In terms of Western media, there were quite a few events that diverted the attention of the general public elsewhere, although to a lesser extent in France where Mitterrand’s coalition government was the biggest military supporter of Habyarimana’s government. Those events were the suicide of Kurt Cobain, the broadcast of the first televised murder trial of OJ Simpson, the inauguration of Nelson Mandela as the first Black South African president and the 1994 Wold Cup.

It is important however to contextualise in a chronology the Rwandan genocide in relation to other events that were happening in and around the country on the run up to April 1994:

  1. A war of increasing ferocity was raging, following the RPF (Rwandan Patriotic Front) invasion from the north of the country via Uganda from October 1990. This triggered a growing exodus of Hutu refugees towards the capital Kigali, fleeing the killings in the northern region of the country.
  2. From 1992, the government of Juvenal Habyarimana opened the country to a multi-party system, some say as a way to appease the French who supported the regime with military equipment and training. In the Élysée, Mitterrand’s coalition government was finding it increasingly difficult to justify their support for the dictatorial and oppressive regime of President Habyarimana. Faced with the prospect of losing the war and in need of bolstering military assistance, Habyarimana subsided.
  3. In August 1993, the Arusha Accords were signed with the aim of ending the three-year war and as a result, a broad-base transitional government (BBTG) was formed.
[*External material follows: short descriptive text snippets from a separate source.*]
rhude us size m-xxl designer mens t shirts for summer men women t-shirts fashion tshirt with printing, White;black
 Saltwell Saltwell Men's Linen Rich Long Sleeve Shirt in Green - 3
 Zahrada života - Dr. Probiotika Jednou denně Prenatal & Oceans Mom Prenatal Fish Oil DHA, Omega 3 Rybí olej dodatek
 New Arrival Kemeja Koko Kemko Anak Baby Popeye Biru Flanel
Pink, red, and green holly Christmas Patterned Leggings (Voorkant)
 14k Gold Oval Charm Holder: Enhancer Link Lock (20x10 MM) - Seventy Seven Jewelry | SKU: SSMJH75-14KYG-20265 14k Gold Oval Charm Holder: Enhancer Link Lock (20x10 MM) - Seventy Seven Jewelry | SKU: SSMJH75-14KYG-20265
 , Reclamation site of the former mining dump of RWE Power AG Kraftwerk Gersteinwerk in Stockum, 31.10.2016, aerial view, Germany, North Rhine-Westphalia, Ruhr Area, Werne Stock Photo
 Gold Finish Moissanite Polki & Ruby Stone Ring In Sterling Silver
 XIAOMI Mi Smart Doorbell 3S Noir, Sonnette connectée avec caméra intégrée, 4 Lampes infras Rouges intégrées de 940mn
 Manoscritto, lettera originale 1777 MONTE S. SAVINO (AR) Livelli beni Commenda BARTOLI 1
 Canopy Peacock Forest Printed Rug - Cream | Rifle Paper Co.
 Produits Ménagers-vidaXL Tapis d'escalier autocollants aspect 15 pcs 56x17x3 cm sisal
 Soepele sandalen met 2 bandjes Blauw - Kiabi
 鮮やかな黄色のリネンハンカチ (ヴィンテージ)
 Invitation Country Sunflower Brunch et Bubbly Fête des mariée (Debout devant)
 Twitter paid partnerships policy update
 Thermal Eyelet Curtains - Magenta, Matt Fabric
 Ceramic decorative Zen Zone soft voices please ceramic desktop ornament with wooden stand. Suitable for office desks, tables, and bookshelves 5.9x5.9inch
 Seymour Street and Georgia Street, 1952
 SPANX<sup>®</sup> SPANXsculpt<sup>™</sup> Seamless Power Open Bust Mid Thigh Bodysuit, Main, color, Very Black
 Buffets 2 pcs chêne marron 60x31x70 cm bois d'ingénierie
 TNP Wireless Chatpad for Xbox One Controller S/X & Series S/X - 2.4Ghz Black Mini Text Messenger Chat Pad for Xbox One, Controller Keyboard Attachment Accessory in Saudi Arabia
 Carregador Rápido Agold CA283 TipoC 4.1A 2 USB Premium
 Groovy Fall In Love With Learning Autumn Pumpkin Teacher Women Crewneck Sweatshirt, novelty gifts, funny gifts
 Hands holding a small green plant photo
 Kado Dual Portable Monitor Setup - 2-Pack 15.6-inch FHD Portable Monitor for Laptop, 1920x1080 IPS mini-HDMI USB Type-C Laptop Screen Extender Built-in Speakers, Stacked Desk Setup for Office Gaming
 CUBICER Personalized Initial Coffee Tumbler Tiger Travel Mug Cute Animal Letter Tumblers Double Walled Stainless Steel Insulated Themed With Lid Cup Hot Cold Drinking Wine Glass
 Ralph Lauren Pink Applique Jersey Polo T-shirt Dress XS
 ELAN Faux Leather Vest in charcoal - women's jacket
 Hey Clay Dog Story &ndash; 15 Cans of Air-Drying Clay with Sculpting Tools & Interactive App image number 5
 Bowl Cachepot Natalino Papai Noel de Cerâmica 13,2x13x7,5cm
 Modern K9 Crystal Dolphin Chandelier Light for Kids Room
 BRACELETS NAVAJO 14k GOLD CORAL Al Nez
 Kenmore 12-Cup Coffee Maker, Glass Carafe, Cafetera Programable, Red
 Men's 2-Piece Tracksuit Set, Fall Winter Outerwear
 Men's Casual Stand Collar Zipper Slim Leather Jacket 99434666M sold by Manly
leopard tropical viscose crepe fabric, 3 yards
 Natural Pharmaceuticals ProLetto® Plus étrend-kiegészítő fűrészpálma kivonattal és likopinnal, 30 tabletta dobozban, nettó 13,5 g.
Plagued by infighting between old and new political elites and between the government and the RPF, political assassinations and suspicion amongst politicians jostling for power, the Arusha accords were never implemented.
  4. Meanwhile, on 21 October 1993 in neighbouring Burundi, there was a coup against the Hutu-led government orchestrated by the Tutsi military elite, resulting in the assassination of President Melchior Ndadaye and well over 100,000 killed in the ensuing skirmishes between Tutsis and Hutus. This saw thousands of displaced people, mainly Hutus fleeing into Rwanda with many settling in the already overflowing refugee camps around the city of Kigali. It is estimated that, prior to the start of the 1994 genocide, there were in excess of 2 million Hutu refugees living in those camps.

With the growth of extremist rhetoric used by some political factions directly targeting the Tutsi population and a section of government controlled media actively promoting extremism, sporadic killings of Tutsis became commonplace. The stage was set for an impending catastrophe of immeasurable proportions. All that was required was a flint to set in motion the apocalypse.

 

Ethics Statement
My stance towards the character of Justin Mugenzi is purely observational and we are not in any way attempting to diminish the proportions of the 1994 Rwandan genocide. Instead, our aim is to, through his personal story, shine a light on the forces that were at play on the ground at the time and the construction of the judicial mechanisms that led to the creation of the ICTR and how it subsequently dealt with the delivery of justice.